Близнецы изволили, и с каждой минутой их недоумение росло.
– Это все, – сказала принцесса спокойно. – Ах, впрочем, нет. Навершие отцовского посоха теперь принадлежит вам, раз вы завладели нашими землями, на него я не претендую. Но ожерелье матери, господа…
– Оно ваше, сударыня, – кивнул Ивэйн, не сводя глаз с Марии-Антонии, и не стал прибавлять, что может купить десяток таких ожерелий, пусть даже и старинных. – Ваше по праву.
– Благодарю, – наклонила голову девушка. – Вы еще нуждаетесь в моем присутствии, господа?
– Нет, сударыня, – учтиво ответил Рональд. – Полагаю, вашего общества жаждут портные и модистки, и, надеюсь, оно будет не слишком обременительно для вас.
– Не обременительнее путешествия по Территориям, – обронила принцесса и вышла. Рональд сделал дожидавшемуся снаружи Фредерику знак – проводи, мол, и вернулся к брату.
Воцарилось молчание.
– Ну что? – нарушил его Ивэйн. В бокалы снова лился «Янтарь» – после общения с принцессой иначе не получалось, было в ней что-то такое, тяжелое, давящее, но и притягательное тоже.
– Я подтверждаю свое согласие, – сказал Рональд, отхлебнув жгучего напитка.

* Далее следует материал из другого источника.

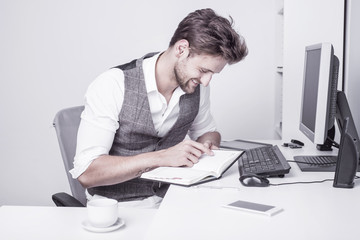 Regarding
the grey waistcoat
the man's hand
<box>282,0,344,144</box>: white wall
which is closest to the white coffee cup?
the man's hand

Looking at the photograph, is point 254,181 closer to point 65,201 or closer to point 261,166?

– Я не сомневался. – Тот усмехнулся, поболтал напиток в бокале. – Знаешь, Рон, я взглянул на нее и почувствовал, что готов отравить жену, чтобы жениться на этой девушке…
– Осторожнее с желаниями, – предостерег тот.
Это был больной вопрос: старший Хоуэлл женился по расчету, и счастья этот брак ему не принес. Не только счастья, но и толковых наследников: единственный оставшийся сын не годился в преемники, лишь младшая дочь поражала нечеловеческой интуицией, но и только. Сам же Рональд выбрал серединка на половинку: жена была ему глубоко симпатична и принесла хорошее приданое. И дети удались, что подтверждал и выбор старшего брата касаемо наследников корпорации.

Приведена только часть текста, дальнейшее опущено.